Maria de Rosario, 51 ans, a répondu aux questions de l'AFP dans le "salon vert" de la Chambre des députés à Brasilia, là-même où Jair Bolsonaro s'en était violemment pris à elle en novembre 2003.

"Le Brésil est le champion des violences faites aux femmes", rappelle l'élue.

Selon l'ONG Forum brésilien pour la sécurité publique, 4.473 femmes ont été assassinées en 2017 et 60.018 ont été violées, des chiffres en hausse de 6% et 8% par rapport à 2016.

"Vous imaginez si cette violence est encouragée institutionnellement", s'alarme la députée.

Bolsonaro estime qu'il est "possible de lutter contre la violence par la violence, en armant les citoyens. Ces armes, nous savons qu'elles seront d'abord dirigées contre les femmes, les Noirs, les gays, les lesbiennes", ajoute-t-elle.

Il y a 15 ans, le député Bolsonaro et la députée du Parti des travailleurs (PT) de l'ex-président Lula s'étaient violemment accrochés au Parlement, une scène filmée par des caméras.

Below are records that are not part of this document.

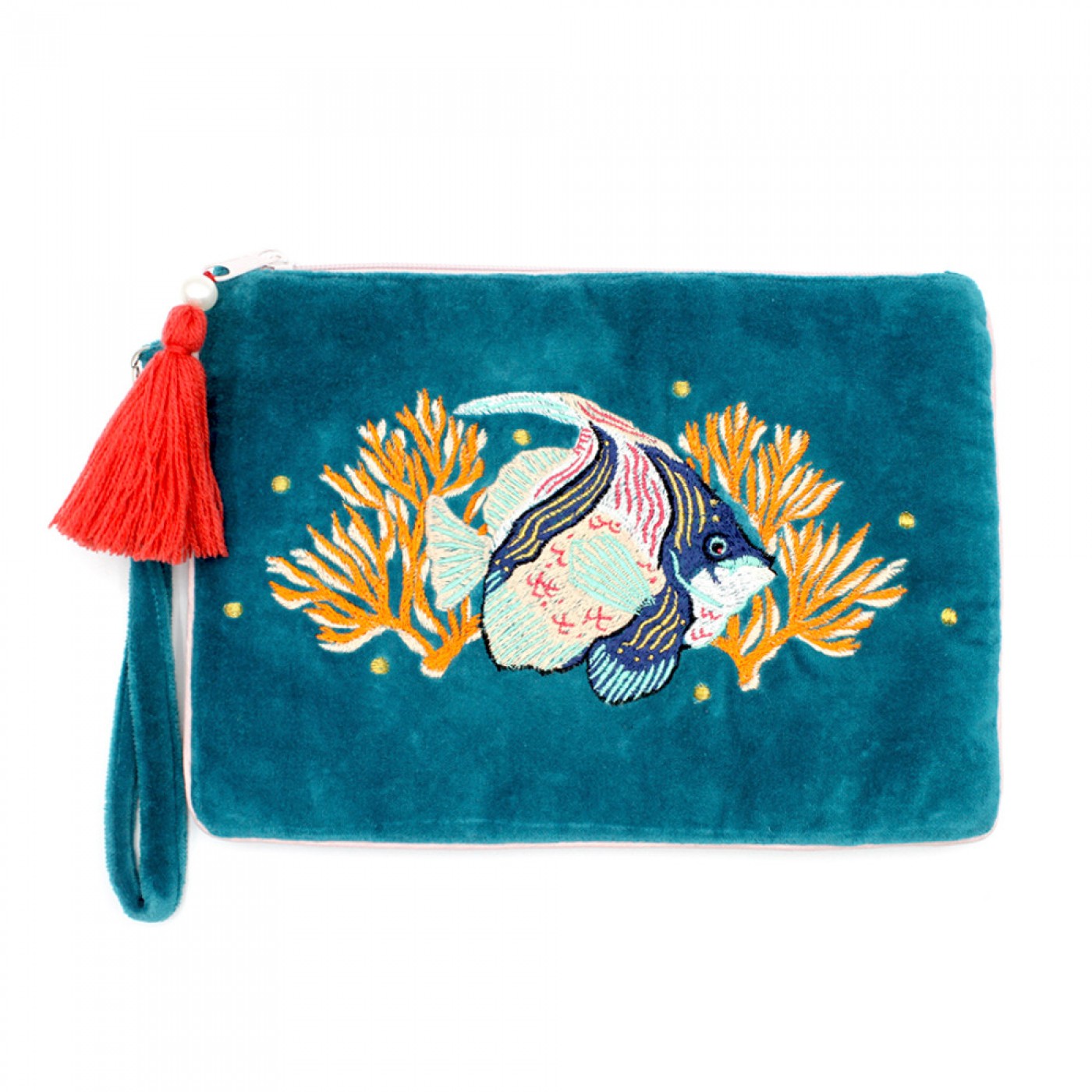 Coral Fish Clutch Bag — Bags & purses from Toolittle — additional view 5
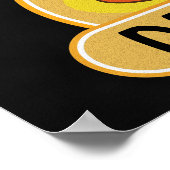 Kaffee-Shop Coffee Cup Custom Black Café Poster (Ecke)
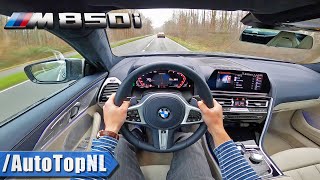 2020 BMW 8 Series GRAN COUPE M850i xDrive POV Test Drive by AutoTopNL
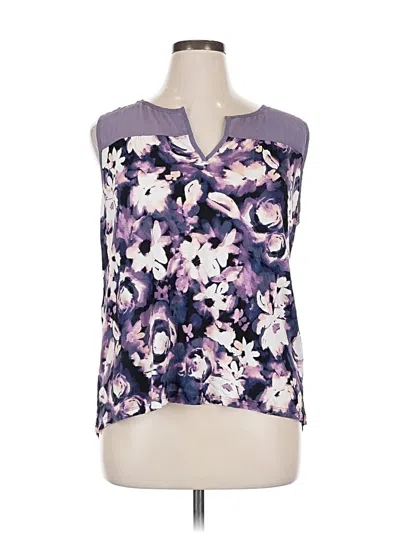 Pre-owned Simply Vera Vera Wang Sleeveless Blouse In Purple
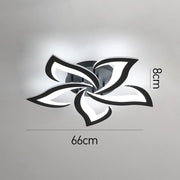 Moderne LED-Deckenleuchte in Blumenform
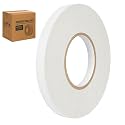 GGR Supplies CGT-80 Gaffers Stage Tape, White, 1/2 in x 60 yd, 96-Pack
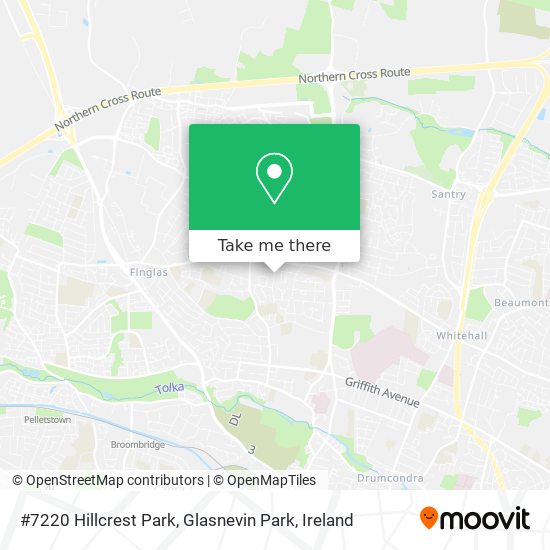 #7220 Hillcrest Park, Glasnevin Park map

Les députés débattaient alors d'un projet de loi pour punir plus sévèrement les délinquants mineurs après l'agression violente d'un couple par des adolescents.

Bolsonaro, un ex-capitaine de l'armée, avait alors lancé à Maria do Rosario: "Je ne te violerai pas, parce que tu ne le mérites pas". Il avait ensuite dit avoir réagi de la sorte parce que la députée elle-même le traitait de "violeur".

- Dignité contre immoralité -

Mais dans une interview en 2014, il réitérait ses propos : "Elle ne mérite pas d'être violée parce qu'elle est trop moche, ce n'est pas mon genre. Je ne suis pas un violeur, mais si je l'étais, je ne la violerais pas parce qu'elle ne le mérite pas".

Condamné pour ces déclarations, Bolsonaro a fait appel devant le Tribunal suprême fédéral (TSF).

Pendant la campagne, le candidat a dit vouloir que les agressions contre les femmes soient punies plus sévèrement. "Nos femmes doivent être respectées et bien protégées", a-t-il tweeté. Il prône aussi la castration chimique pour les violeurs.

Depuis la fameuse scène, beaucoup de choses ont changé pour les deux protagonistes.

Jair Bolsonaro, 63 ans, ultra-favori pour le deuxième tour de l'élection présidentielle de dimanche face à Fernando Haddad, le candidat du PT, est en passe de devenir le prochain président du Brésil.

La députée a été ministre des Droits humains entre 2011 et 2014, sous le mandat de Dilma Rousseff (2011-2016), et vient d'être réélue début octobre sous les couleurs du PT, repassé dans l'opposition depuis 2016 et la destitution controversée de l'ex-présidente.

Pendant la campagne, Jair Bolsonaro a réussi à capitaliser sur le mécontentement d'une population exaspérée par les scandales de corruption, dont le PT est devenu le symbole, même si la quasi totalité des partis politiques sont touchés.

Maria de Rosario fait elle-même l'objet d'une enquête, soupçonnée d'avoir reçu 150.000 réais (35.000 euros) du géant du BTP Odebrecht pour sa campagne électorale de 2010.

Malgré le retard considérable de Fernando Haddad dans les intentions de vote -- 59% contre 41% selon un dernier sondage -- la députée se montre confiante. Pour elle, le deuxième tour sera avant tout la bataille entre "les défenseurs de la dignité et ceux de l'immoralité".